## DATA EXCERPTS
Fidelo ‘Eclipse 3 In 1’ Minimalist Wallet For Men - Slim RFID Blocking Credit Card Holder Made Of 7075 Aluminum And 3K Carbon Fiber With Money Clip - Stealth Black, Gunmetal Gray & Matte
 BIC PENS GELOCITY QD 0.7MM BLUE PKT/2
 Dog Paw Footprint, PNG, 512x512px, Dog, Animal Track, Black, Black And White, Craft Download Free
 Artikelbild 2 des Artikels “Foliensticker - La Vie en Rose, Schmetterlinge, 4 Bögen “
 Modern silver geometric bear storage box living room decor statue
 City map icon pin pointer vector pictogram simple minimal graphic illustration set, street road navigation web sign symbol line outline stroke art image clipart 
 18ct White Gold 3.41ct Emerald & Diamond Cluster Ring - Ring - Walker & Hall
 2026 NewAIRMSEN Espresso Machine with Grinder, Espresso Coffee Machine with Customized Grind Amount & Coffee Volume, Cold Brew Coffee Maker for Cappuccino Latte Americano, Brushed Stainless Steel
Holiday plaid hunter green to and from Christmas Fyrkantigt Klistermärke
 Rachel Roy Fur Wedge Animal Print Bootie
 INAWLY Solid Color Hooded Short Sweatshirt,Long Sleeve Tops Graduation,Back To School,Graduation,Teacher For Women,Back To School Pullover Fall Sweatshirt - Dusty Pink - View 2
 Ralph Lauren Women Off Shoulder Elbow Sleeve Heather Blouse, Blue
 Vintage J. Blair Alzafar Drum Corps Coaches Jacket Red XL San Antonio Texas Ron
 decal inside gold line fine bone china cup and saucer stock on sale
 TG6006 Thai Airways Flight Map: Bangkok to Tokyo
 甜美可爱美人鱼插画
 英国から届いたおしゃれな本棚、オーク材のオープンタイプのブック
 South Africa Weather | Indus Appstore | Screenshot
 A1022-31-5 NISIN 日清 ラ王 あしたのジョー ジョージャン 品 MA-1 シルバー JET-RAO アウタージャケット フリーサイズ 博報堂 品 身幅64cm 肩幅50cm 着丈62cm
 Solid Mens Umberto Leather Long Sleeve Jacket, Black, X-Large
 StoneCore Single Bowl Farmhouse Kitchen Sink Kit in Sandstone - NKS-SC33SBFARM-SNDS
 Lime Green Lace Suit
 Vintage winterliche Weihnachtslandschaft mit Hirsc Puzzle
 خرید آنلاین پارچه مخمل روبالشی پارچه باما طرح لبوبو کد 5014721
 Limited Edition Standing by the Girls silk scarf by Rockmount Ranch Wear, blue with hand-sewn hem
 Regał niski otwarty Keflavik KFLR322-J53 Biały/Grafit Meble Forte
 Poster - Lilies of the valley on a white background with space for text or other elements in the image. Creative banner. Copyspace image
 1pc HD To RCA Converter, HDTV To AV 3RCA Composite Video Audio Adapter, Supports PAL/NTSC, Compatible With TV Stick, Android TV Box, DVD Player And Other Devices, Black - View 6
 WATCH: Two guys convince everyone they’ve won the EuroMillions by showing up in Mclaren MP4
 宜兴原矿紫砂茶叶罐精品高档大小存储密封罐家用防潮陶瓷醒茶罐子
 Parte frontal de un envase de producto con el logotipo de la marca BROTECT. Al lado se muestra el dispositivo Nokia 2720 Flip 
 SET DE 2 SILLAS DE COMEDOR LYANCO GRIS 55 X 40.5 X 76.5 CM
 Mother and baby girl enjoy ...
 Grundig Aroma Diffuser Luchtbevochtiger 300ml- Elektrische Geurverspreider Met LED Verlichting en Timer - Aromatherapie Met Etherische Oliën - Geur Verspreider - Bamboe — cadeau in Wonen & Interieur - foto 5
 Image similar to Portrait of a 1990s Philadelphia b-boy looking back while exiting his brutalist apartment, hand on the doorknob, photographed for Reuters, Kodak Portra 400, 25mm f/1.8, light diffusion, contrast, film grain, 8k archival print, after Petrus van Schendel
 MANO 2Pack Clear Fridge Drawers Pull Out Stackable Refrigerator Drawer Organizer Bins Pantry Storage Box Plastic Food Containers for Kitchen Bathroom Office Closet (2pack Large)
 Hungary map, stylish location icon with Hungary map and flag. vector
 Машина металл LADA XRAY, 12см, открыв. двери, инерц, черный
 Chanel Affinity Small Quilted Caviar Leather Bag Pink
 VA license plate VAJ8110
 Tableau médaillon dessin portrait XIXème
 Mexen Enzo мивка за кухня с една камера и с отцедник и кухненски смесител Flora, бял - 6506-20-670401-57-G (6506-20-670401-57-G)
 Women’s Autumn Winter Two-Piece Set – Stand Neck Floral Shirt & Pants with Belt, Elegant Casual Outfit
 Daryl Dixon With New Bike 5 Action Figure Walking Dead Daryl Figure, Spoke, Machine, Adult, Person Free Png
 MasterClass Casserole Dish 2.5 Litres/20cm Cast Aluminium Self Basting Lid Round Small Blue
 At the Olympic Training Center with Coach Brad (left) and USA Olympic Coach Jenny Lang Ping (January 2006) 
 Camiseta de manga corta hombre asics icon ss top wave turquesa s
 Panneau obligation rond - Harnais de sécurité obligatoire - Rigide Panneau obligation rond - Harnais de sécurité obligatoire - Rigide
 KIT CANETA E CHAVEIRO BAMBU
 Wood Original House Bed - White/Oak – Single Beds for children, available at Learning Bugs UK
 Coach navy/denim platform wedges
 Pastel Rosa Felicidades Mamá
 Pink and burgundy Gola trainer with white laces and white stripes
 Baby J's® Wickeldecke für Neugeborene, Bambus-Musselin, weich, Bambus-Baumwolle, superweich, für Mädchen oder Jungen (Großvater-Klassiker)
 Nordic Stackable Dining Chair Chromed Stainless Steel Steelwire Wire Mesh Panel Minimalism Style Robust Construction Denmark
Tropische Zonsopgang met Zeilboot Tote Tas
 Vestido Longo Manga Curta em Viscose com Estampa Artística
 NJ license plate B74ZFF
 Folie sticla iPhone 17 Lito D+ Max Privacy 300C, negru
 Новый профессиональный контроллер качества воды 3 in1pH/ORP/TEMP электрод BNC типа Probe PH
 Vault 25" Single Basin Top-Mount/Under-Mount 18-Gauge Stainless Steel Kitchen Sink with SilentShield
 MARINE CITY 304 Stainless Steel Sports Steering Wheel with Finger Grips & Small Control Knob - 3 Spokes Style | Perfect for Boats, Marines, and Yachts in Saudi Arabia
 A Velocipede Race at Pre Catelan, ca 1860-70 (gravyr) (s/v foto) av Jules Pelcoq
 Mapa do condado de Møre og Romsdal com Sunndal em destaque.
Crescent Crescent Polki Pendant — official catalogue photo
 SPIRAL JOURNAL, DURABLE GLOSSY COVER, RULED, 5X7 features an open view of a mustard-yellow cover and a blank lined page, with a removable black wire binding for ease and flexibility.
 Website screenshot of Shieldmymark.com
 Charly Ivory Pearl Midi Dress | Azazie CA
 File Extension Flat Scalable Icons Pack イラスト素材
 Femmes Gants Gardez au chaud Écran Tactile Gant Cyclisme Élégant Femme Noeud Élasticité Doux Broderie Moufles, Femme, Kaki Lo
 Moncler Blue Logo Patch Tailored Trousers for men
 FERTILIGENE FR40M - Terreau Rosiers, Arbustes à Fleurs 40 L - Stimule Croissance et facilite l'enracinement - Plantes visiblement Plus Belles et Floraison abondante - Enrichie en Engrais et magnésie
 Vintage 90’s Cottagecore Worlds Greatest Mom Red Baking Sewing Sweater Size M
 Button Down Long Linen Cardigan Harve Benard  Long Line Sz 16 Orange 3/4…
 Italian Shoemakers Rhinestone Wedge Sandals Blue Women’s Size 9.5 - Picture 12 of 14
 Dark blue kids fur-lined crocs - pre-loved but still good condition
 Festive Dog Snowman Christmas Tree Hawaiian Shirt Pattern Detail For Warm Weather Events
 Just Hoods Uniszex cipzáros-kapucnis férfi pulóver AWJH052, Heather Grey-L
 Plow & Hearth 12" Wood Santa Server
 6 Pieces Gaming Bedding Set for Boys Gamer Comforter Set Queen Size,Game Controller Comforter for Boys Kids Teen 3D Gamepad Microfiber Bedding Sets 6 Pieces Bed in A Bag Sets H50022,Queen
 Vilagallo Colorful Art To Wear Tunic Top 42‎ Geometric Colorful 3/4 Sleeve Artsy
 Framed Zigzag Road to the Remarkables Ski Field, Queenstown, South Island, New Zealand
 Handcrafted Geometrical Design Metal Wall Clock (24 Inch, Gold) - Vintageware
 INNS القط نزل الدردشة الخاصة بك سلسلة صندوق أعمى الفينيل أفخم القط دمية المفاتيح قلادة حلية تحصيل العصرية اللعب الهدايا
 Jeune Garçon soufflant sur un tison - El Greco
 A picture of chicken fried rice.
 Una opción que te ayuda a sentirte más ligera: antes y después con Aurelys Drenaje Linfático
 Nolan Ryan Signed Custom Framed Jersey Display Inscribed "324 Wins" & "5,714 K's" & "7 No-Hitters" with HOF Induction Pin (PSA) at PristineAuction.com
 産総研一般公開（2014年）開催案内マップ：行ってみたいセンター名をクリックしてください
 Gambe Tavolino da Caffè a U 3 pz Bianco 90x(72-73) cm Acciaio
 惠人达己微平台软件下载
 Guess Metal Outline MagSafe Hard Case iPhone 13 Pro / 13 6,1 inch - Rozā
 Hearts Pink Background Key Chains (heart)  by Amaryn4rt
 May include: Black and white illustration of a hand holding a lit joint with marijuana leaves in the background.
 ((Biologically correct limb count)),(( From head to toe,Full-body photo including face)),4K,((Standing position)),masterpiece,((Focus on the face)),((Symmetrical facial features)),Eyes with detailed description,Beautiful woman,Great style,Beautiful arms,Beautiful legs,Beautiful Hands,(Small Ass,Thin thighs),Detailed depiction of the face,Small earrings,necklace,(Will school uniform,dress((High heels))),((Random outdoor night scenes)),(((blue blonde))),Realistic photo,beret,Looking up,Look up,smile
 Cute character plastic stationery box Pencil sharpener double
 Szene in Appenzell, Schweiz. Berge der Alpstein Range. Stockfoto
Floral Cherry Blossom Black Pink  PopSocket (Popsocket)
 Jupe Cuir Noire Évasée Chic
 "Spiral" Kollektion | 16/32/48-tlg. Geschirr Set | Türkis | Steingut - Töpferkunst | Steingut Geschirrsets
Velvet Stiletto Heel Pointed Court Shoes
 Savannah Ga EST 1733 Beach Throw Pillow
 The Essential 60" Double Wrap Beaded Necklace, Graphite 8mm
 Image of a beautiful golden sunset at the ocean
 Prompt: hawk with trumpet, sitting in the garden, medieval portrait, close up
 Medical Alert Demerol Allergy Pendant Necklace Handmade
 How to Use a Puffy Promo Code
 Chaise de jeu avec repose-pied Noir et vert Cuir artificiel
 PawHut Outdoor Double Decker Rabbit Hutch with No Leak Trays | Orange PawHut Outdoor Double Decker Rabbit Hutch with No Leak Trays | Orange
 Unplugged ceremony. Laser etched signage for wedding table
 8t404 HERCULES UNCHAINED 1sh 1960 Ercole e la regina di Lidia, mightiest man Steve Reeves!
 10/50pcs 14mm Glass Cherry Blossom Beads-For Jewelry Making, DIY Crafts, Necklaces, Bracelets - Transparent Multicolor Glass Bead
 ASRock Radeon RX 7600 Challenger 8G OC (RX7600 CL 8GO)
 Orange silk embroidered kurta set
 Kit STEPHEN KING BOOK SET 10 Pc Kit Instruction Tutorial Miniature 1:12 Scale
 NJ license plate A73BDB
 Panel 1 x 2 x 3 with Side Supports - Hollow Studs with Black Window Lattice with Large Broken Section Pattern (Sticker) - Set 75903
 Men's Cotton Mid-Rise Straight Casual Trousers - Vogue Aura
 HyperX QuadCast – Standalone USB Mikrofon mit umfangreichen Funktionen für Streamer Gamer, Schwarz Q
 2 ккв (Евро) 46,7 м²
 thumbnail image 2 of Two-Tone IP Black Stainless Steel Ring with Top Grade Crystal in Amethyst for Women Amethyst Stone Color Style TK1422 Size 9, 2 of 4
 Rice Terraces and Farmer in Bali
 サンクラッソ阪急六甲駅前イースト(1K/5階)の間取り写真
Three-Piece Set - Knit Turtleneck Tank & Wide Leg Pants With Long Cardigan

## TASK REQUIREMENTS
Your reply must consist of one number, the count of lines in the entries that hold "Christmas".

## EXERCISE SOLUTION
2